§ **ACTION ITEM**
Only the lines from the top of the data through the one with "Poznan Apartment With Garden by Renters" are to be written out, each exactly as it stands.

** DATA FOR REVIEW follows **

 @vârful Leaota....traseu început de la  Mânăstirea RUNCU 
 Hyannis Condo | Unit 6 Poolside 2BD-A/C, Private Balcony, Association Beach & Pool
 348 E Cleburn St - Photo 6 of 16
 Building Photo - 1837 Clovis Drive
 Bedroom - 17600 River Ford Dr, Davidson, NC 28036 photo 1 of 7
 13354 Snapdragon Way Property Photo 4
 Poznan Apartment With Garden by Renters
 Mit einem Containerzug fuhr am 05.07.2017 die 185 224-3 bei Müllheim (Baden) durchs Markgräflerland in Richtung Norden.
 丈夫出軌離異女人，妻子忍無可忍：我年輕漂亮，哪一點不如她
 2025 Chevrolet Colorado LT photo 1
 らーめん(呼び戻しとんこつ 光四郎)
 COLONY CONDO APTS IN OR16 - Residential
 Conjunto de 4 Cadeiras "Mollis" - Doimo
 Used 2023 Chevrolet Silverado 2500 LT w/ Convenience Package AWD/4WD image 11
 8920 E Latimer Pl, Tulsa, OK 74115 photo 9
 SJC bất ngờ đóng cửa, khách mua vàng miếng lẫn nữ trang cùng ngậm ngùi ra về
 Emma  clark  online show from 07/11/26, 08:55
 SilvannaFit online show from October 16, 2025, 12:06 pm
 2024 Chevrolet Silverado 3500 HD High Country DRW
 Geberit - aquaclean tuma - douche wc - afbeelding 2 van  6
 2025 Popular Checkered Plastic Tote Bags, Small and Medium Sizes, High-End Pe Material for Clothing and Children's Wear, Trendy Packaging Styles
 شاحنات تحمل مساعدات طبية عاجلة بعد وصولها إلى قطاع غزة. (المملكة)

** End of DATA FOR REVIEW **

§ **WRITTEN REPLY**
 @vârful Leaota....traseu început de la  Mânăstirea RUNCU 
 Hyannis Condo | Unit 6 Poolside 2BD-A/C, Private Balcony, Association Beach & Pool
 348 E Cleburn St - Photo 6 of 16
 Building Photo - 1837 Clovis Drive
 Bedroom - 17600 River Ford Dr, Davidson, NC 28036 photo 1 of 7
 13354 Snapdragon Way Property Photo 4
 Poznan Apartment With Garden by Renters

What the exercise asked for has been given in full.